Ein Selbstbedienungsgerät (1), insbesondere Geldautomat, Kontoauszugsdrucker und/oder Informations- oder Transaktionsterminal, mit einem Grundgehäuse (2), einem Bedienerfeld (3), einer Eingabevorrichtung für Identifizierungskarten (9), einer magnetischen Störeinheit (8) sowie einer oder mehreren weiteren Komponenten (4, 5, 6), wobei die magnetische Störeinheit (8) als um die Ein- und/oder Ausgabevorrichtung für Identifizierungskarten (9) umlaufende Spule ausgebildet ist.

Description

  • Die vorliegende Erfindung betrifft ein Selbstbedienungsgerät gemäß dem Oberbegriff des Anspruchs 1.
  • Derartige Selbstbedienungsgeräte sind beispielsweise in Form von Wertscheinautomaten, insbesondere Geldausgabeautomaten, oder Kontoauszugsdruckern sowie Informations- und/oder Transaktionsterminals in den verschiedensten Ausführungen bekannt.
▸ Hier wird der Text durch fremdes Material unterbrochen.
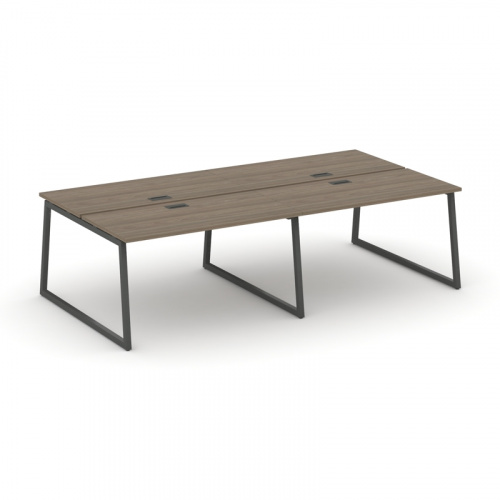 Style Project Рабочая станция 2-х сторон. SN-4T1.DRS-032 Акация Лорка/Металл Антрацит/Заглушка Пласт фото 12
Das Grundgehäuse eines solchen Selbstbedienungsgerätes ist entsprechend dem jeweiligen Verwendungszweck gestaltet. Das Bedienerfeld ist in einer für den Benutzer ergonomisch günstigen Position angeordnet. Die Komponenten des Bedienerfeldes können beispielsweise Ein- und Ausgabevorrichtungen, Anzeigeeinrichtungen und Tastaturen sein.
  • Eingabevorrichtungen können beispielsweise Magnetkartenleser und Geldeingabeeinrichtungen sein. Ausgabevorrichtungen können zur Ausgabe von Geldscheinen und/oder Kontoauszügen, Quittungen und dergleichen ausgelegt sein. Die Anzeigevorrichtungen sind üblicherweise Bildschirme und/oder Displays.
  • Die Tastatur dient der Eingabe von Ziffernkombinationen zur Durchführung der jeweiligen Aktion des Benutzers. Die Tastatur muss nicht als durch Berührung bewegliche Tasten ausgebildet sein, sondern kann auch in der Anzeige als sogenanntes Touch-Screen integriert sein und sich beispielsweise neben, über oder unter dem Bildschirm befinden.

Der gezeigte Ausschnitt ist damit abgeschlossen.